▶ _WHAT THE EXERCISE ASKS_:
The response must contain the complete data, printed exactly.

▶ _INPUT FOR THIS TASK_:
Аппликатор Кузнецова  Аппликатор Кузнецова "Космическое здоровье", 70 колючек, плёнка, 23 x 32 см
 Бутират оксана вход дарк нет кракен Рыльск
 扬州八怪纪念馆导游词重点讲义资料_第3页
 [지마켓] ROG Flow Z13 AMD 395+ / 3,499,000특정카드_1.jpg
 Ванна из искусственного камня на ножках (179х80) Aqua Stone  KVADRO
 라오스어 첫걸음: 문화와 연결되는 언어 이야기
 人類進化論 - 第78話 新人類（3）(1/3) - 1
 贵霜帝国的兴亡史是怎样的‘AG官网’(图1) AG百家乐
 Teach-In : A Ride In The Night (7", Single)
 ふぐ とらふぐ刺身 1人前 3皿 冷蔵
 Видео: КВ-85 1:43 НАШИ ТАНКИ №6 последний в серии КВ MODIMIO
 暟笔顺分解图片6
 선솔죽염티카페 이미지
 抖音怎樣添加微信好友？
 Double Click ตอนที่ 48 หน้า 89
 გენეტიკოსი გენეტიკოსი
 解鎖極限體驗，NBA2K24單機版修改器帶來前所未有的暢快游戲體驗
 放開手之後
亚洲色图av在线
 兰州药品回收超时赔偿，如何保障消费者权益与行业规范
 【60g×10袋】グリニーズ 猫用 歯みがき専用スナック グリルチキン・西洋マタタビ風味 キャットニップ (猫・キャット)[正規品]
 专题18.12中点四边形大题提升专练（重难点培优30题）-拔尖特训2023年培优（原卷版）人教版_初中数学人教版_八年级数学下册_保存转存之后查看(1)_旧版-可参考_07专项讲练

▶ _PROBLEM SOLUTION_:
Аппликатор Кузнецова  Аппликатор Кузнецова "Космическое здоровье", 70 колючек, плёнка, 23 x 32 см
 Бутират оксана вход дарк нет кракен Рыльск
 扬州八怪纪念馆导游词重点讲义资料_第3页
 [지마켓] ROG Flow Z13 AMD 395+ / 3,499,000특정카드_1.jpg
 Ванна из искусственного камня на ножках (179х80) Aqua Stone  KVADRO
 라오스어 첫걸음: 문화와 연결되는 언어 이야기
 人類進化論 - 第78話 新人類（3）(1/3) - 1
 贵霜帝国的兴亡史是怎样的‘AG官网’(图1) AG百家乐
 Teach-In : A Ride In The Night (7", Single)
 ふぐ とらふぐ刺身 1人前 3皿 冷蔵
 Видео: КВ-85 1:43 НАШИ ТАНКИ №6 последний в серии КВ MODIMIO
 暟笔顺分解图片6
 선솔죽염티카페 이미지
 抖音怎樣添加微信好友？
 Double Click ตอนที่ 48 หน้า 89
 გენეტიკოსი გენეტიკოსი
 解鎖極限體驗，NBA2K24單機版修改器帶來前所未有的暢快游戲體驗
 放開手之後
亚洲色图av在线
 兰州药品回收超时赔偿，如何保障消费者权益与行业规范
 【60g×10袋】グリニーズ 猫用 歯みがき専用スナック グリルチキン・西洋マタタビ風味 キャットニップ (猫・キャット)[正規品]
 专题18.12中点四边形大题提升专练（重难点培优30题）-拔尖特训2023年培优（原卷版）人教版_初中数学人教版_八年级数学下册_保存转存之后查看(1)_旧版-可参考_07专项讲练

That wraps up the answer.